Polarisation behaviour of Mg alloys, steel and Cu in galvanic couples
Figure 4 shows the polarisation curves of GW103, AZ91D, carbon steel and Cu in the blank EG solution and that containing inhibitors at 25°C. The measured polarisation curves were curve fitted for their corrosion potentials and corrosion current densities. The results are listed in Table 1.
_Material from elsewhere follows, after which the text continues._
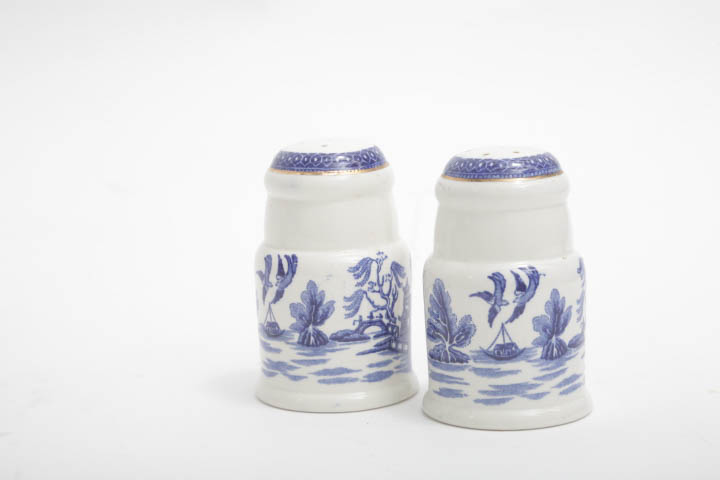 Burleigh Ware "Willow" Ceramic Tableware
Polarisation curves of GW103, AZ91D, Cu and carbon steel in blank EG solution and inhibitor containing EG solutions at 25°C
Polarisation curve parameters of GW103, AZ91D, Cu and carbon steel in EG solutions with and without inhibitors
From Fig. 4 and Table 1, it can be seen that corrosion current densities i corr of AZ91D are smaller than those of GW103 in the solutions with and without the inhibitors, which means that AZ91D is more corrosion resistant than GW103. Furthermore, the values of i corr of GW103 and AZ91D decrease, and OCPs shift more positively as the inhibitors are added into the blank EG solution. The inhibitor addition reduces the anodic polarisation current densities of these two Mg alloys much more significantly than the cathodic processes. This behaviour implies that the inhibitor packages mainly inhibit the anodic dissolution process of Mg alloys. However, both inhibitor packages accelerate the corrosion rate of carbon steel and Cu. The cathodic polarisation curves of the carbon steel and Cu with addition of sodium phosphate+benzoate are less influenced compared with those of sodium phosphate+SDBS, meaning that the sodium phosphate+SDBS is worse than sodium phosphate+benzoate in terms of their inhibition performance if steel or Cu is involved in a corroding system.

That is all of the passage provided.